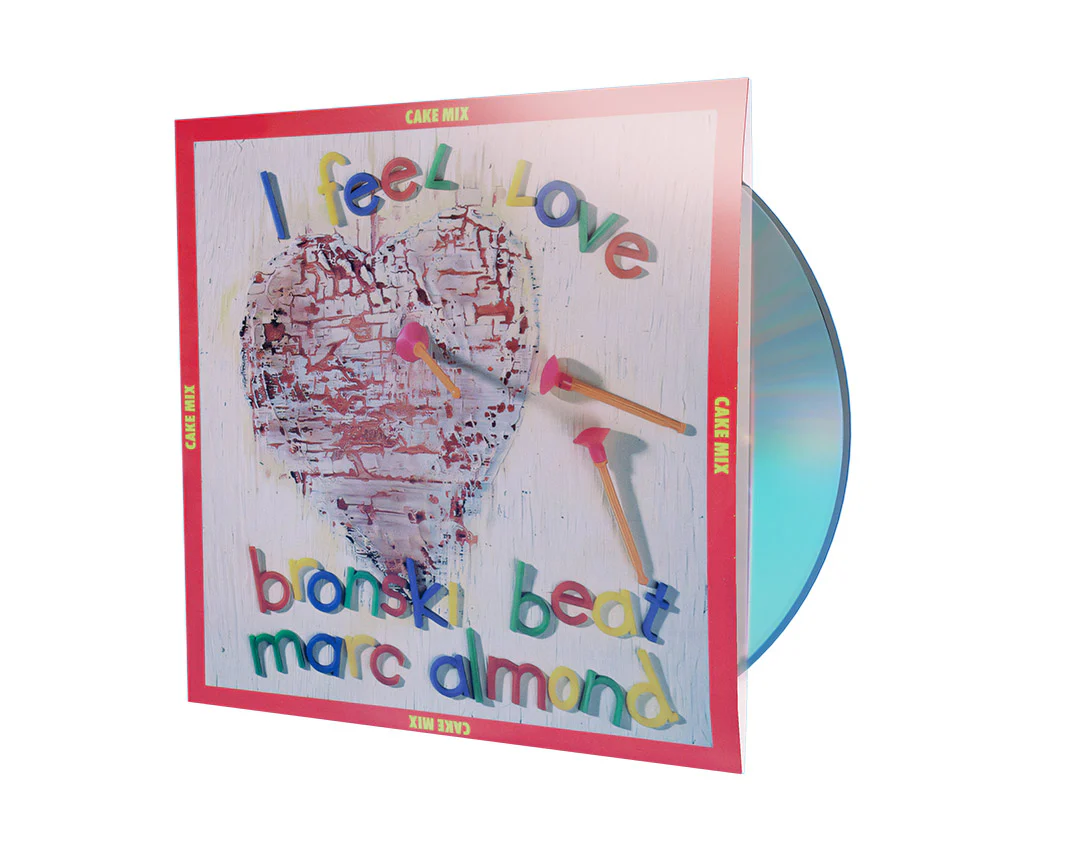Bronski Beat / BUNDLE: The Age of Consent blu-ray + 4CD+DVD deluxe + I Feel Love CD single - Image 4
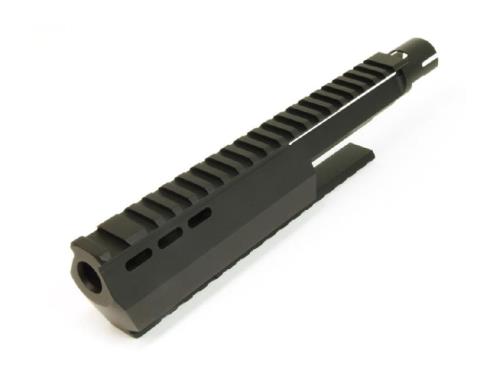 LayLax (ライラクス) NINE BALL 東京マルイ D.E メタルアウターバレル10インチ エアガン用アクセサリー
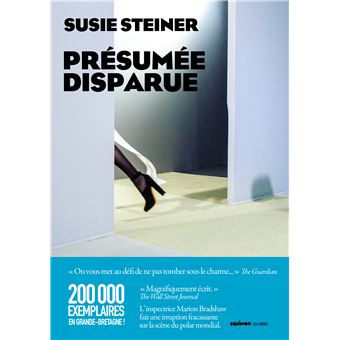 Lire la suite à propos de l’article PRÉSUMÉE DISPARUE – Susie Steiner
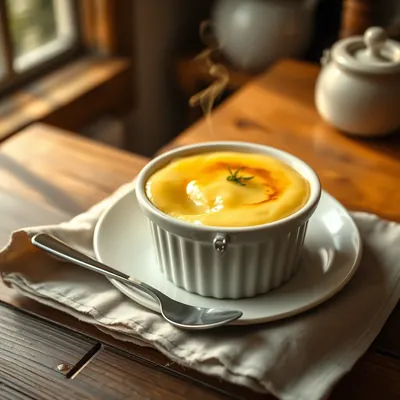 Boiled Custard Pudding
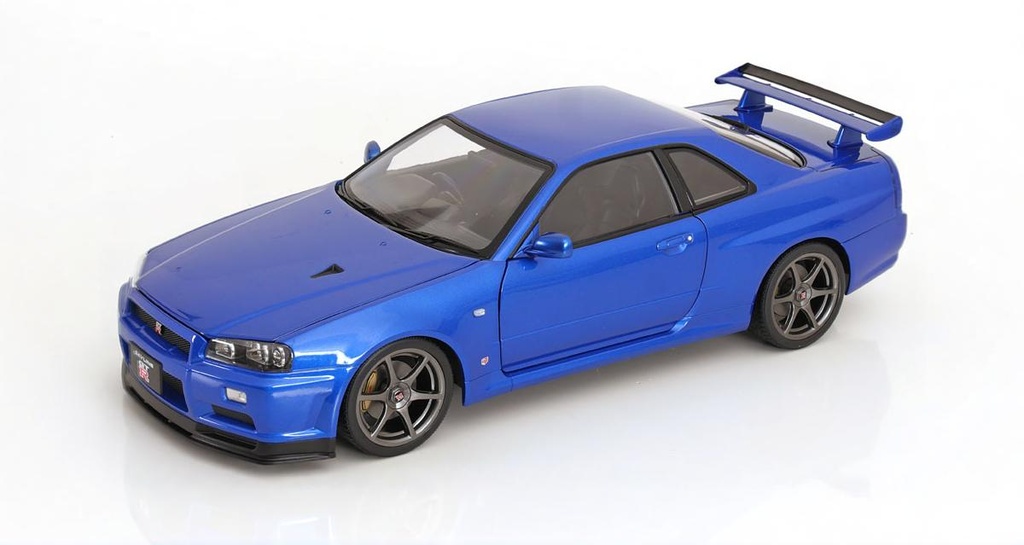 1:12 NISSAN SKYLINE GT-R (R34) V-SPEC II OEM RIMS - 2001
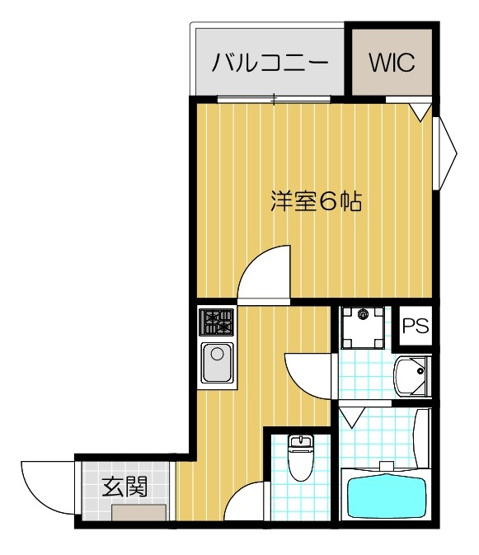 【間取り】 | ＲＥＧＩＥＳ八尾駅前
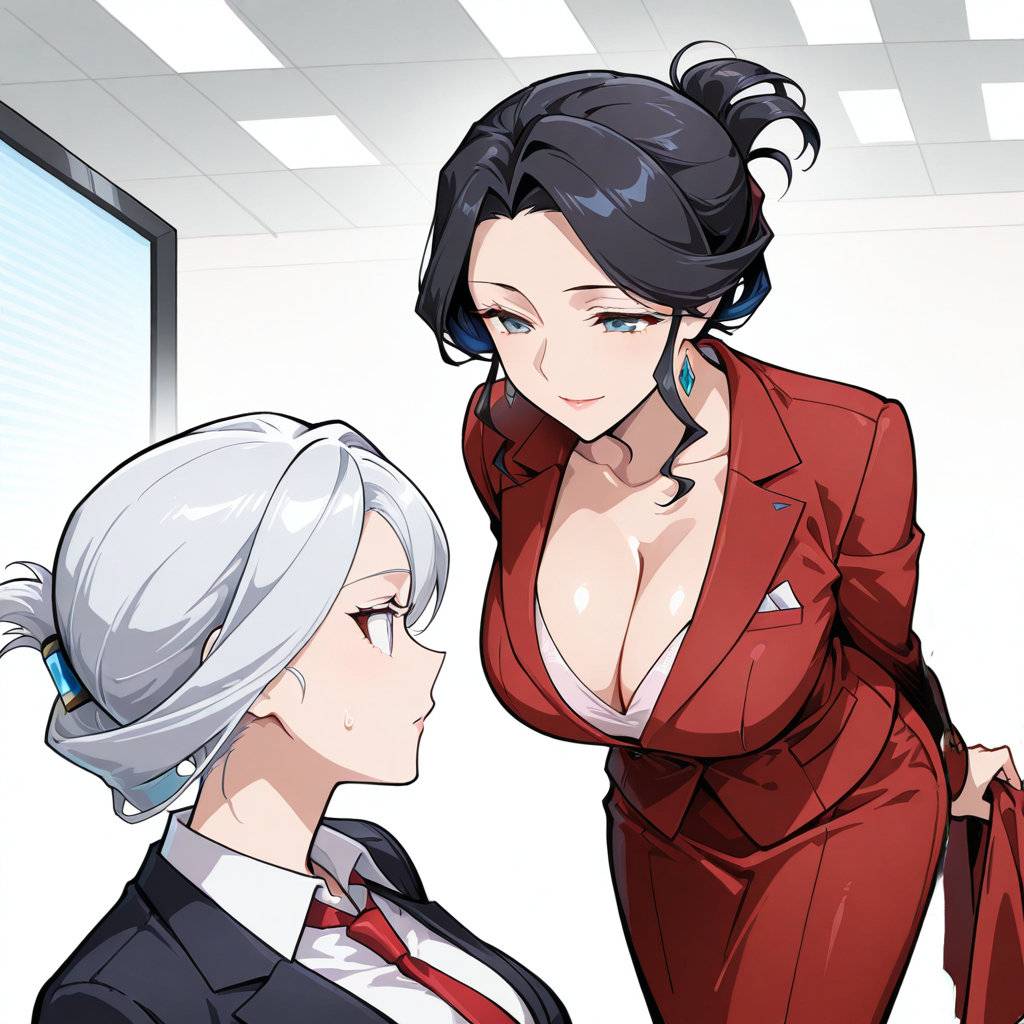 图片[15]-Office Lady-pixiv插画-作品交流服务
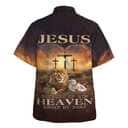 Jesus Because Of Him Heaven Knows My Name Christian Religious Hawaiian Shirt Jesus Because Of Him Heaven Knows My Name Christian Religious Hawaiian Shirt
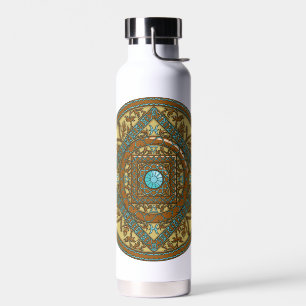 Pisces Mandala Trinkflasche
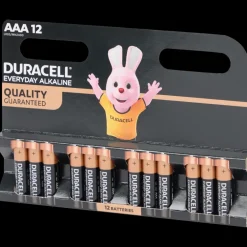 Tous Les Articles Multimédia|Piles<Duracell Piles Everyday Alkaline AAA 12 Pièces | Action FR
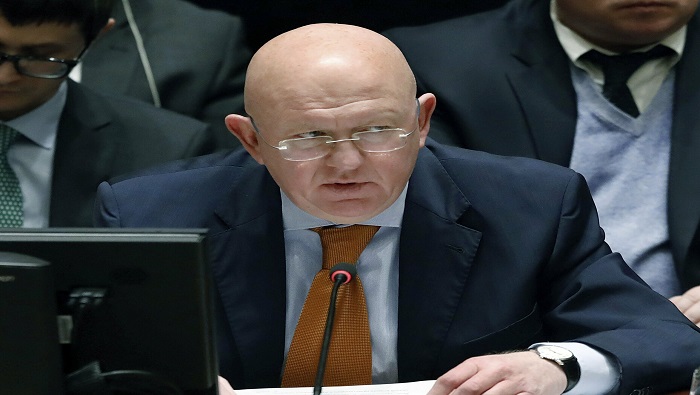 El representante ruso en la ONU destacó que este es otro intento occidental de dividir a Rusia y Ucrania.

********************

### [Task brief]
Please return the lines from the line with "Lire la suite" through the last line of the data, both included, exactly, and without pictures.

### [Solution below]
 Lire la suite à propos de l’article PRÉSUMÉE DISPARUE – Susie Steiner
 Boiled Custard Pudding
 1:12 NISSAN SKYLINE GT-R (R34) V-SPEC II OEM RIMS - 2001
 【間取り】 | ＲＥＧＩＥＳ八尾駅前
 图片[15]-Office Lady-pixiv插画-作品交流服务
 Jesus Because Of Him Heaven Knows My Name Christian Religious Hawaiian Shirt Jesus Because Of Him Heaven Knows My Name Christian Religious Hawaiian Shirt
 Pisces Mandala Trinkflasche
 Tous Les Articles Multimédia|Piles<Duracell Piles Everyday Alkaline AAA 12 Pièces | Action FR
 El representante ruso en la ONU destacó que este es otro intento occidental de dividir a Rusia y Ucrania.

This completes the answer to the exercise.